■ **Your goal**
Please write out all of the records below exactly as they appear.

■ **Extracted records**
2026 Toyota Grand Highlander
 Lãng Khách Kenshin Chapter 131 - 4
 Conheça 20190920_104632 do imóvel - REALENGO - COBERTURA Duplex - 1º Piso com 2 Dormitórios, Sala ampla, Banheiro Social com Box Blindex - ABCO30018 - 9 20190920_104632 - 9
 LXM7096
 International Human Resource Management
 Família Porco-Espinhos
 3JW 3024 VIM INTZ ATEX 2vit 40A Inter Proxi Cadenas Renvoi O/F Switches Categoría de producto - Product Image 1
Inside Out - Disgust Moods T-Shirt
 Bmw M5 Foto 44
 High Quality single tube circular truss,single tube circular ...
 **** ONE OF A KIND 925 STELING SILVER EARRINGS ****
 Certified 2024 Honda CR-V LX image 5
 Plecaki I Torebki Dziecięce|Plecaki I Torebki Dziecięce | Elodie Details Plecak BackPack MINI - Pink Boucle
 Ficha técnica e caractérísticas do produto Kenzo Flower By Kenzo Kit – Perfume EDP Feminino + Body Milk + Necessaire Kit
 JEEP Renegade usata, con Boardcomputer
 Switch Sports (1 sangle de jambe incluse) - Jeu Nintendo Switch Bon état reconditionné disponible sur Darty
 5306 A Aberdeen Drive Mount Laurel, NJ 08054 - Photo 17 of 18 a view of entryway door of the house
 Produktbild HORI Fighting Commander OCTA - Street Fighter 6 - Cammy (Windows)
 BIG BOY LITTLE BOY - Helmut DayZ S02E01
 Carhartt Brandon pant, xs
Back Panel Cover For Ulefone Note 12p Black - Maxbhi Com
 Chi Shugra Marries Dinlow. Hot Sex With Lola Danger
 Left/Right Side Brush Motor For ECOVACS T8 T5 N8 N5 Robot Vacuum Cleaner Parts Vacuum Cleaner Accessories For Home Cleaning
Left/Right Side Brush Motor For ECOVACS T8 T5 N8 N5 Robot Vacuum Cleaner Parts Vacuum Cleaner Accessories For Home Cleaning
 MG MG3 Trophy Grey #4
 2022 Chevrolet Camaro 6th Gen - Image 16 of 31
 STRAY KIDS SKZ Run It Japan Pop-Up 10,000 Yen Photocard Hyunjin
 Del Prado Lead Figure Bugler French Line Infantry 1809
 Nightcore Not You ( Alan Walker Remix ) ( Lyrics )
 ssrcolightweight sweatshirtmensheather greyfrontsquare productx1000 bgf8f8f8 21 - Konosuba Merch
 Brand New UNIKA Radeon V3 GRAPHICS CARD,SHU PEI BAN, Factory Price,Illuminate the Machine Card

■ **Written reply**
2026 Toyota Grand Highlander
 Lãng Khách Kenshin Chapter 131 - 4
 Conheça 20190920_104632 do imóvel - REALENGO - COBERTURA Duplex - 1º Piso com 2 Dormitórios, Sala ampla, Banheiro Social com Box Blindex - ABCO30018 - 9 20190920_104632 - 9
 LXM7096
 International Human Resource Management
 Família Porco-Espinhos
 3JW 3024 VIM INTZ ATEX 2vit 40A Inter Proxi Cadenas Renvoi O/F Switches Categoría de producto - Product Image 1
Inside Out - Disgust Moods T-Shirt
 Bmw M5 Foto 44
 High Quality single tube circular truss,single tube circular ...
 **** ONE OF A KIND 925 STELING SILVER EARRINGS ****
 Certified 2024 Honda CR-V LX image 5
 Plecaki I Torebki Dziecięce|Plecaki I Torebki Dziecięce | Elodie Details Plecak BackPack MINI - Pink Boucle
 Ficha técnica e caractérísticas do produto Kenzo Flower By Kenzo Kit – Perfume EDP Feminino + Body Milk + Necessaire Kit
 JEEP Renegade usata, con Boardcomputer
 Switch Sports (1 sangle de jambe incluse) - Jeu Nintendo Switch Bon état reconditionné disponible sur Darty
 5306 A Aberdeen Drive Mount Laurel, NJ 08054 - Photo 17 of 18 a view of entryway door of the house
 Produktbild HORI Fighting Commander OCTA - Street Fighter 6 - Cammy (Windows)
 BIG BOY LITTLE BOY - Helmut DayZ S02E01
 Carhartt Brandon pant, xs
Back Panel Cover For Ulefone Note 12p Black - Maxbhi Com
 Chi Shugra Marries Dinlow. Hot Sex With Lola Danger
 Left/Right Side Brush Motor For ECOVACS T8 T5 N8 N5 Robot Vacuum Cleaner Parts Vacuum Cleaner Accessories For Home Cleaning
Left/Right Side Brush Motor For ECOVACS T8 T5 N8 N5 Robot Vacuum Cleaner Parts Vacuum Cleaner Accessories For Home Cleaning
 MG MG3 Trophy Grey #4
 2022 Chevrolet Camaro 6th Gen - Image 16 of 31
 STRAY KIDS SKZ Run It Japan Pop-Up 10,000 Yen Photocard Hyunjin
 Del Prado Lead Figure Bugler French Line Infantry 1809
 Nightcore Not You ( Alan Walker Remix ) ( Lyrics )
 ssrcolightweight sweatshirtmensheather greyfrontsquare productx1000 bgf8f8f8 21 - Konosuba Merch
 Brand New UNIKA Radeon V3 GRAPHICS CARD,SHU PEI BAN, Factory Price,Illuminate the Machine Card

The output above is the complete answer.